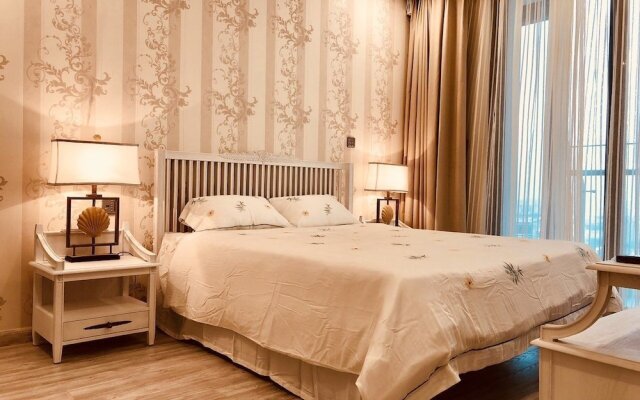 Zahoo House - Vinhomes Golden River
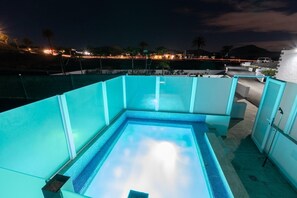A rooftop pool with clear blue water, surrounded by white walls and glass railings. - 'Juan Martin' with Mountain View, Wi-Fi and Air Conditioning (Uga)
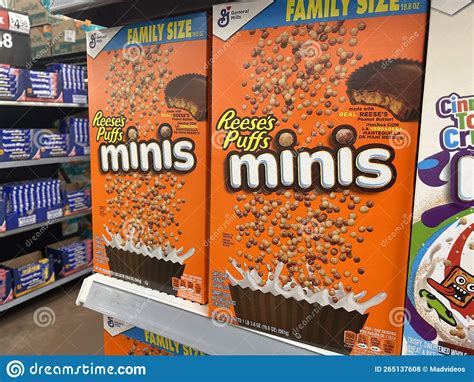 Walmart Grocery Store Interior Resses Minis Cereal Editorial Stock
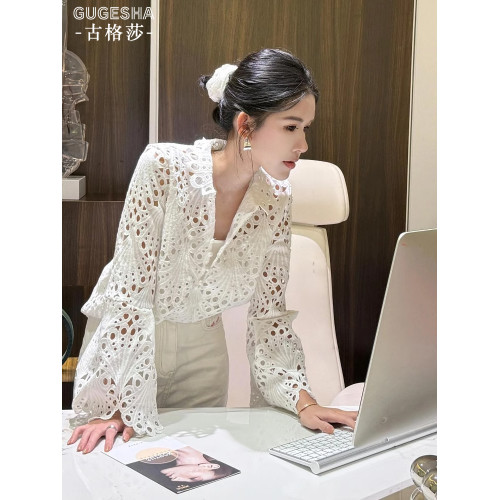 法式輕熟風白色鏤空繙領襯衫女夏季新款時尚小香風寬鬆長袖防曬衫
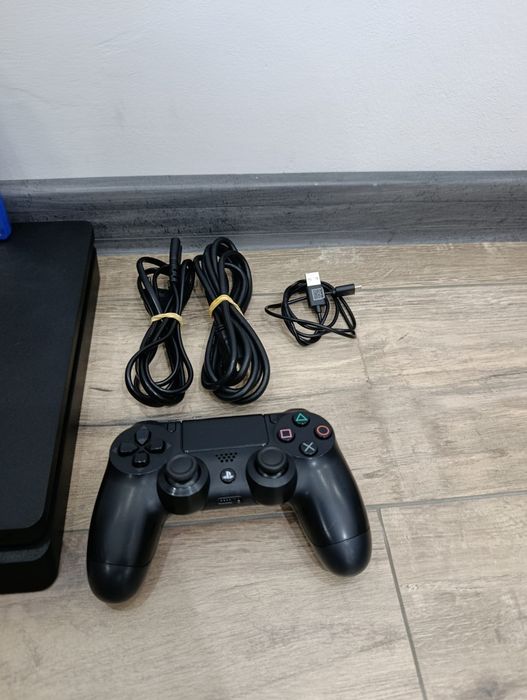 Konsola PlayStation 4 Slim GTA 5 i inne.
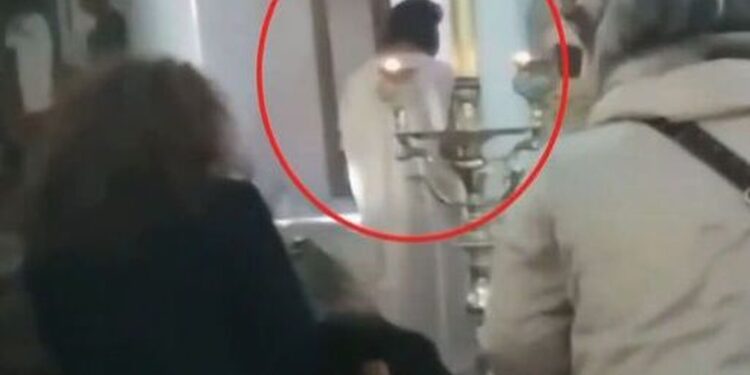 Πατέρας Αντώνιος: Λειτούργησε στα Δερβενοχώρια – Οι «άνθρωποί» του επιτέθηκαν σε δημοσιογράφο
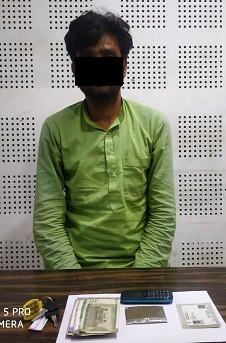 लागु औषध सहित भारतीय युवक प्रकाउ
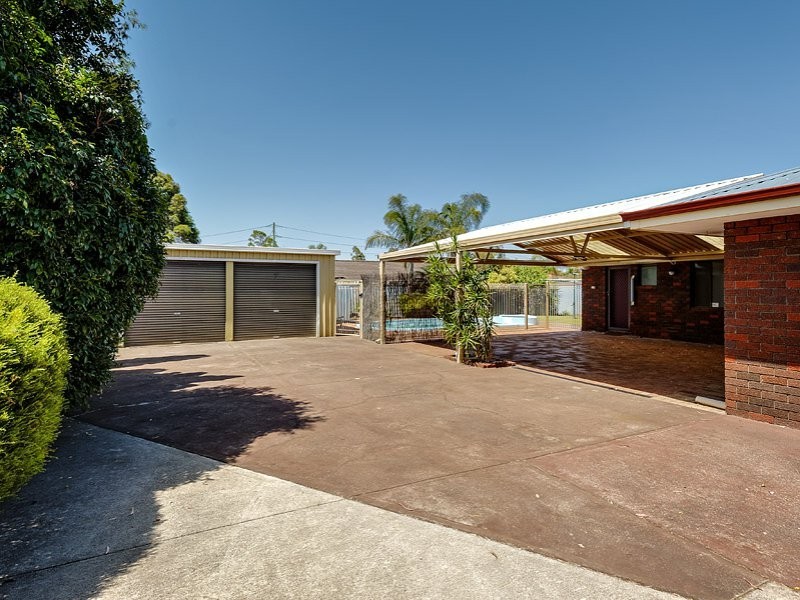 9 Nigel Court, Leeming WA 6149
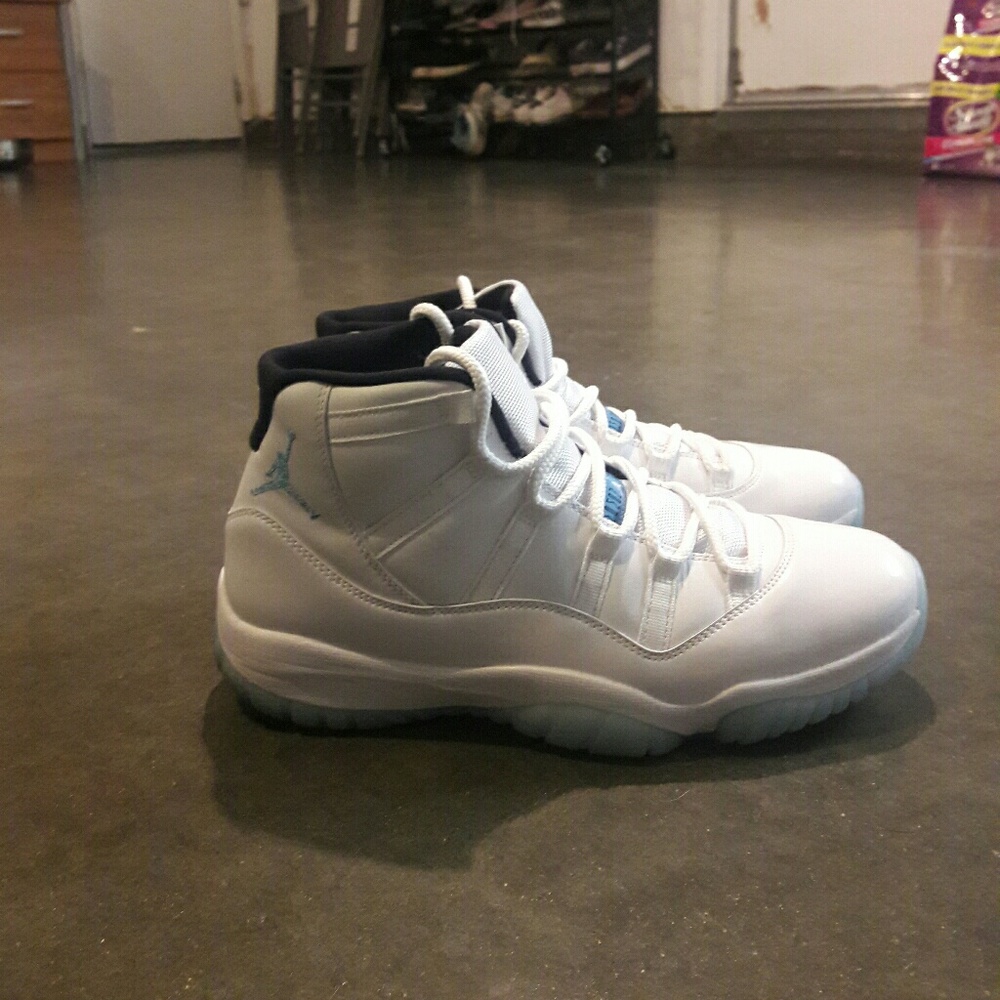 Jordan 11 legend blue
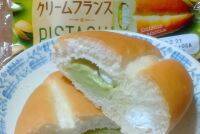 パンもクリームもピスタチオ尽くし♡『ピスタチオ味菓子パン』のトレンド「食べたい」人気ランキングTOP3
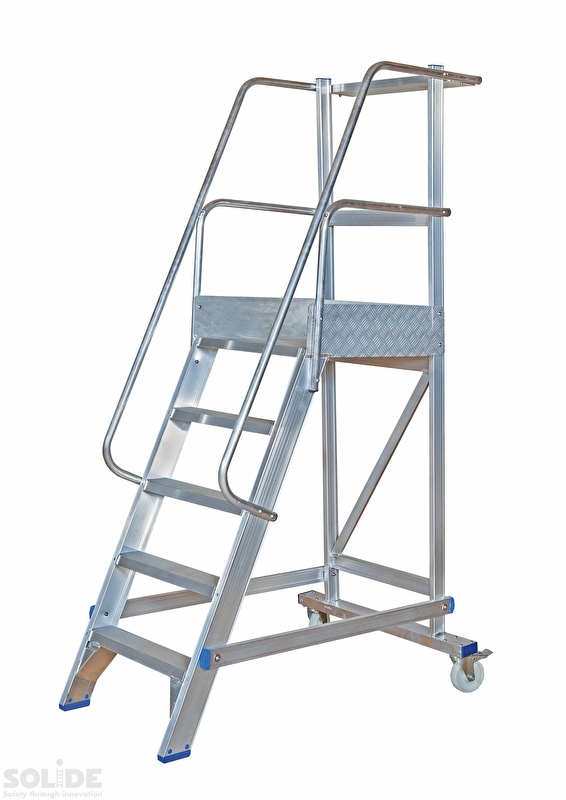 Bedrog hoogtepunt De controle krijgen Mobiele bordes trap MBT | solide-ladders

---

**TASK PROMPT:** Please copy, exactly as written, the lines from the one that contains "लागु औषध सहित भारतीय युवक प्रकाउ" through the end of the records, both ends included. Do not include the pictures.

**ANSWER TO THE PROBLEM:**
 लागु औषध सहित भारतीय युवक प्रकाउ
 9 Nigel Court, Leeming WA 6149
 Jordan 11 legend blue
 パンもクリームもピスタチオ尽くし♡『ピスタチオ味菓子パン』のトレンド「食べたい」人気ランキングTOP3
 Bedrog hoogtepunt De controle krijgen Mobiele bordes trap MBT | solide-ladders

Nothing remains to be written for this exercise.